Obrigada por nos ter libertado. Finalmente podemos tomar nosso lugar com o Deus e a Deusa.
Uma a uma, as luzes se apagam, à medida que as almas partem. Quando o último pontinho desaparece, sinto solidão. Pela primeira vez em muito tempo estou sem meu protetor ao lado, me atazanando. Detesto admitir, mas é horrível.
Caminho pelo shopping em direção à saída, que está sem as tábuas agora – provavelmente pulverizadas. Me pergunto até onde foi a magia. Será que afetou a cidade?
Antes que possa pensar mais e ficar paranoica, pego minha bicicleta e desço pelas ruas em direção ao centro comercial.
Uma névoa parece me cercar. Não sei que horas são nem quanto tempo fiquei naquele shopping. Desmonto e empurro a bike, até identificar uma loja vinte e quatro horas aberta. Tudo está escuro nela, e, ao passar pela porta, percebo que não há viv’alma ali dentro.
Ignorando completamente meu meio de transporte, corro em direção ao bar da cidade, onde todo mundo sempre ia para tomar um chopp e ficar conversando. Passei pela porta, e vi o salão vazio. Não é possível...
Estou voltando para a saída quando algo na minha visão periférica me chama a atenção: a chopeira está ligada e a bebida escorre, mas, quando olho por sobre o balcão, vejo o copo quebrado no chão, inundado de chopp e nenhum atendente.
A magia apagou a cidade. Ou melhor, a população. Não há outra explicação: um êxodo súbito não é bem plausível.
Sinto o grito sair e se espalhar pelo vácuo, ecoando como som na caverna.
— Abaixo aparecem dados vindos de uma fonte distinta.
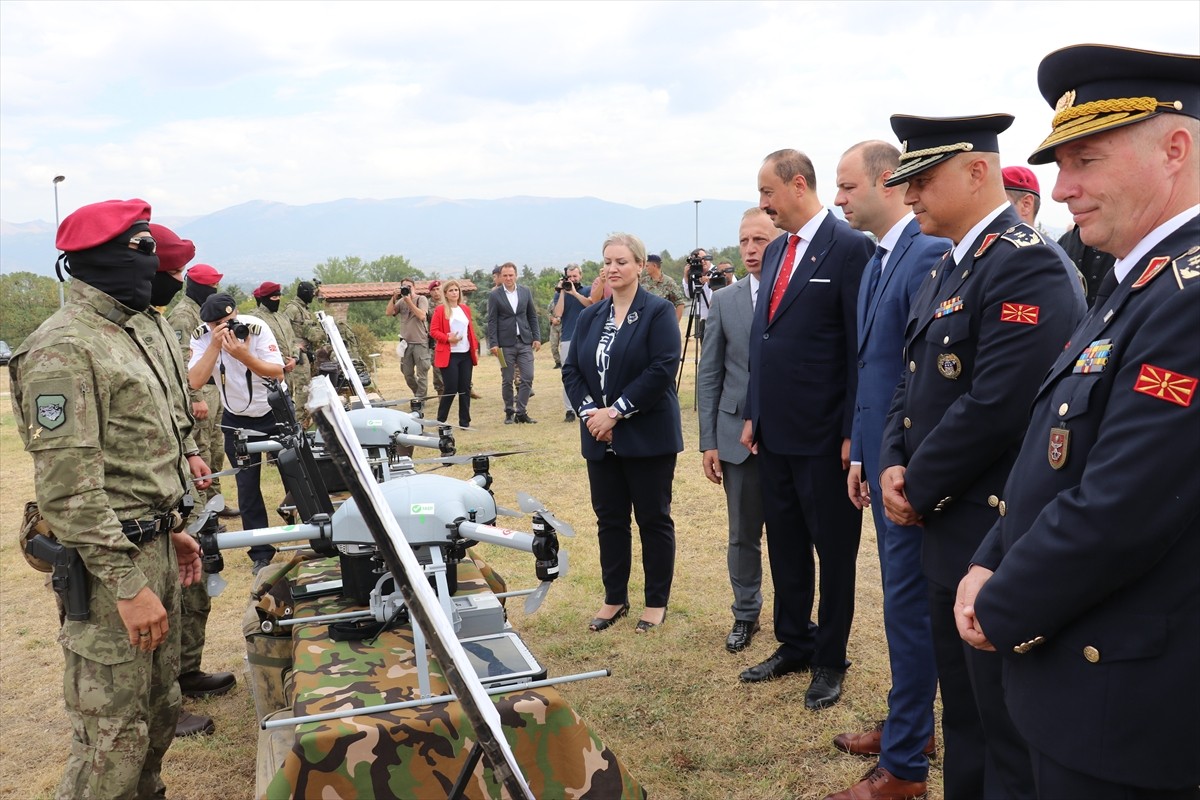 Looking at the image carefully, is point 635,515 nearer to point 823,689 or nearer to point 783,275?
point 823,689

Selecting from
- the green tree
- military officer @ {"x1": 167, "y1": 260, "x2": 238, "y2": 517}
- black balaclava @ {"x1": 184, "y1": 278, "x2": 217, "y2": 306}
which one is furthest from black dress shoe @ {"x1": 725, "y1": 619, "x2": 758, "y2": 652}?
the green tree

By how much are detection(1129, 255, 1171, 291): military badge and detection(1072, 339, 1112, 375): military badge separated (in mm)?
116

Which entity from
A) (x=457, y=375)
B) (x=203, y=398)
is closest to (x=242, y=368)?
(x=203, y=398)

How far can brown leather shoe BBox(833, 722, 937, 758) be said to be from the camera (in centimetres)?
357

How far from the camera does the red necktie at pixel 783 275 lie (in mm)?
4020

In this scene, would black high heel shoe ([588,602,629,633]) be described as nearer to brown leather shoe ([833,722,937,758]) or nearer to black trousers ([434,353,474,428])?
brown leather shoe ([833,722,937,758])

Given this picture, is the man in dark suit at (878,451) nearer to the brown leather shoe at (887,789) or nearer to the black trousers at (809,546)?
the brown leather shoe at (887,789)

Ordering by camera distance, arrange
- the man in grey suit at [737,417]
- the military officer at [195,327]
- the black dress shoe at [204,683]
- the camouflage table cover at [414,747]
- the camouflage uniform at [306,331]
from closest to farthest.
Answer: the camouflage table cover at [414,747]
the black dress shoe at [204,683]
the man in grey suit at [737,417]
the military officer at [195,327]
the camouflage uniform at [306,331]

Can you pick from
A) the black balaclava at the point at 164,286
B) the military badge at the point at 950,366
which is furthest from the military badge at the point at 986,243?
the black balaclava at the point at 164,286

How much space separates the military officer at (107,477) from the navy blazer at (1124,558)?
8.25 feet

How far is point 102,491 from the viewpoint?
2.70 meters

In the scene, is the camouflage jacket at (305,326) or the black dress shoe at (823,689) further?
the camouflage jacket at (305,326)

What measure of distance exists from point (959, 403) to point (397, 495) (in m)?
1.63

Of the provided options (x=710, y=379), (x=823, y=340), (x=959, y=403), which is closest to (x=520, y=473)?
(x=710, y=379) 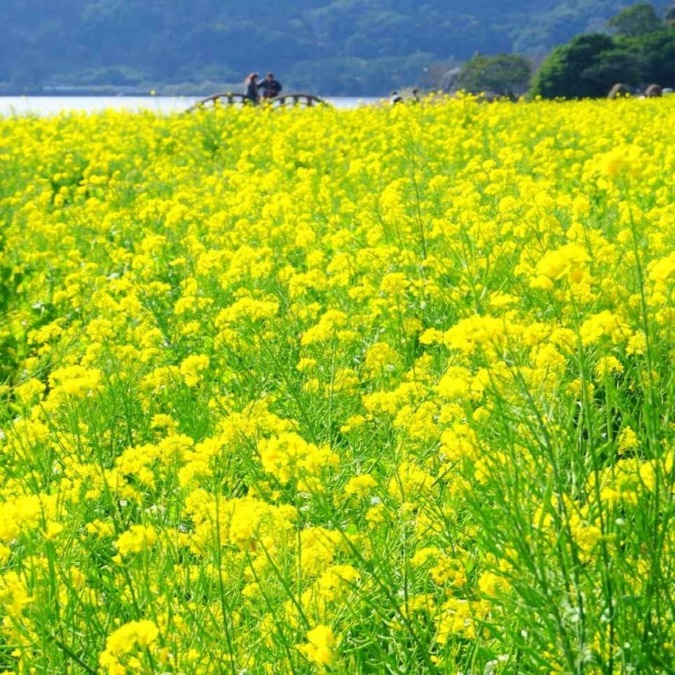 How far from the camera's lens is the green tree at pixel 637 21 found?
4078 centimetres

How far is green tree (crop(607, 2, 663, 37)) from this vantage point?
4078cm

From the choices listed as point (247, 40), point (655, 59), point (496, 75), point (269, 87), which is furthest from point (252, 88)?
point (247, 40)

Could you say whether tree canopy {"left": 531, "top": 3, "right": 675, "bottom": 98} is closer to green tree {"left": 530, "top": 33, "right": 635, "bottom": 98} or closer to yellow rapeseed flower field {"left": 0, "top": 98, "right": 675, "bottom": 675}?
green tree {"left": 530, "top": 33, "right": 635, "bottom": 98}

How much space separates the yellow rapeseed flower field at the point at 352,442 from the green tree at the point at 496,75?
2825 cm

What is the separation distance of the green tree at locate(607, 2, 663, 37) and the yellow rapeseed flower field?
37320mm

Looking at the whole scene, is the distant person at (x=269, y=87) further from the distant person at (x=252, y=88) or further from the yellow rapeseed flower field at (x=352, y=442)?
the yellow rapeseed flower field at (x=352, y=442)

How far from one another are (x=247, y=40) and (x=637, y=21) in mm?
94042

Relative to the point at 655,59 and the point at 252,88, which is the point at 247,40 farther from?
the point at 252,88

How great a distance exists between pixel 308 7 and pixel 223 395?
153133 millimetres

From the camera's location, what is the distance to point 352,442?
2.63 metres

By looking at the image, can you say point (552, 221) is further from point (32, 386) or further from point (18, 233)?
point (18, 233)

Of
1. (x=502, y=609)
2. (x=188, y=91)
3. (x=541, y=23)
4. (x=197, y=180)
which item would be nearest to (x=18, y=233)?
(x=197, y=180)

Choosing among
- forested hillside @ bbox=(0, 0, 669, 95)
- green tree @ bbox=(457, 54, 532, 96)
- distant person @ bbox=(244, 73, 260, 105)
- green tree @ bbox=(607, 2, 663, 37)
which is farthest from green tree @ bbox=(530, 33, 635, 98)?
forested hillside @ bbox=(0, 0, 669, 95)

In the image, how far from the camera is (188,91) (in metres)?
79.5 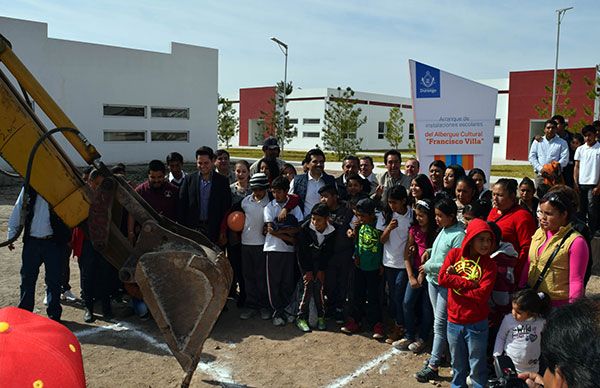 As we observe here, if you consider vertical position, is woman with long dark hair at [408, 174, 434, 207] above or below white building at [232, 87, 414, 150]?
below

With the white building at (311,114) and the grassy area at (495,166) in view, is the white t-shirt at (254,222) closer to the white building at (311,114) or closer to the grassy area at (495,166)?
the grassy area at (495,166)

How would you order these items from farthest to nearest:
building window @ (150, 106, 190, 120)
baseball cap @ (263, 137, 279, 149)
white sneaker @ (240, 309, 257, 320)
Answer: building window @ (150, 106, 190, 120), baseball cap @ (263, 137, 279, 149), white sneaker @ (240, 309, 257, 320)

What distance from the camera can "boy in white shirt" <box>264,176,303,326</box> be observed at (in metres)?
6.14

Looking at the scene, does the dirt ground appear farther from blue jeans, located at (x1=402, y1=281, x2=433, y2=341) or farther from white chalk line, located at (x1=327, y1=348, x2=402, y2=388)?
blue jeans, located at (x1=402, y1=281, x2=433, y2=341)

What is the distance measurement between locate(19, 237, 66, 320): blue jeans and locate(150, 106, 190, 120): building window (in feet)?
→ 63.4

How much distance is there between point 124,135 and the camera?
2333 cm

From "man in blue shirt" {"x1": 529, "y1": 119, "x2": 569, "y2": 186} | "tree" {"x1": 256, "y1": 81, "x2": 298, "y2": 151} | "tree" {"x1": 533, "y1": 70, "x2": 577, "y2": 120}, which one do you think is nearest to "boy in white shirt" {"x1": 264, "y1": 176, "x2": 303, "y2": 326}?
"man in blue shirt" {"x1": 529, "y1": 119, "x2": 569, "y2": 186}

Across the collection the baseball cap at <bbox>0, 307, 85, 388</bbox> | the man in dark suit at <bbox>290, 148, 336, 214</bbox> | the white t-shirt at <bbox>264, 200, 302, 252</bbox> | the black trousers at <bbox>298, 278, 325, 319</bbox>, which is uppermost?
the man in dark suit at <bbox>290, 148, 336, 214</bbox>

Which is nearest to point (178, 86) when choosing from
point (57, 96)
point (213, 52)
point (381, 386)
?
point (213, 52)

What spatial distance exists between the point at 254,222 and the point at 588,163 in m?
5.85

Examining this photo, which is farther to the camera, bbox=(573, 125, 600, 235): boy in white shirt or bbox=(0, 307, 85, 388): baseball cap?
bbox=(573, 125, 600, 235): boy in white shirt

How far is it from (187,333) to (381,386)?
92.4 inches

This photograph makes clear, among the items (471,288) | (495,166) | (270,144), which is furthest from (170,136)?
(471,288)

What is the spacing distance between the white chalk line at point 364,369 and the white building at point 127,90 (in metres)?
17.1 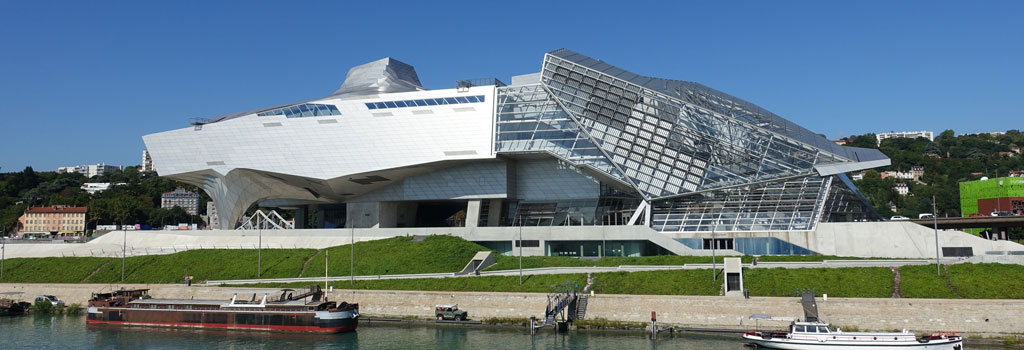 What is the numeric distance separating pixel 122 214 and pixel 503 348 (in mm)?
130041

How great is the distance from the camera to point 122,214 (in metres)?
142

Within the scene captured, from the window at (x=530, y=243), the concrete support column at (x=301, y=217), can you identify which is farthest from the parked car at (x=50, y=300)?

— Eu falei para não entrar lá, Sabine. – Ouço uma voz dizer. – Meus Deuses, o que é isso na sua cara?
Aspen?! Olho ao redor e lá está ele, recostado contra o batente da porta de entrada do bar. As lágrimas de felicidade se acumulam nos cantos dos olhos e as limpo rapidamente. O abraçaria se não tivesse certeza que acabaria atravessando-o.
— Achei que tivesse ido embora. E o que tem meu rosto?
Ele suspira longamente, passando a mão pelos cabelos que um dia foram loiros, mas agora eram de um brilho acinzentado.
— Eu tinha, mas aí disseram que minha protegida ainda demandará muito de mim. Quando acho que agora vai, eles dificultam mais – resmungou.
Olho para meu reflexo no fundo do bar, num espelho onde ficam dispostas as bebidas para os clientes. Uma marca prateada é visível no meu queixo e desaparece dentro da minha camiseta ensopada de sangue. Será? Levanto a blusa e ali está minha confirmação: um traço prata percorre meu tronco do pescoço até o local da primeira facada, numa costura cintilante. Elas tinham me salvado.
— Bom, e agora? – falo, saindo do bar e sentindo a brisa do lado de fora conforme o céu adquiria tons cada vez mais vivos. – Parece que apagaram as pessoas da cidade toda.
— Eu não percebo mais nenhuma alma além de nós dois também... – Ele me olha. – Elas deviam ter seus motivos para fazer isso.
— Sumir com uma cidade inteira?!
— Os habitantes deviam saber que elas estavam sendo perseguidas pelo prefeito – responde ele. – Não tinha como ele ter prendido aquele monte de bruxas sozinho.
Tudo que fizer, volta três vezes. Aquela tinha sido a frase das bruxas. Ainda que os cidadãos fossem inocentes, a magia repercutiria com muito mais força.
— Acho que tenho certo crédito por ter feito isso com a cidade...
— Crédito?! – replicou ele, cruzando os braços e rindo. – Você quis dizer culpa, não é?
Dou de ombros.
— Bom, tem sempre a opção de se mudar.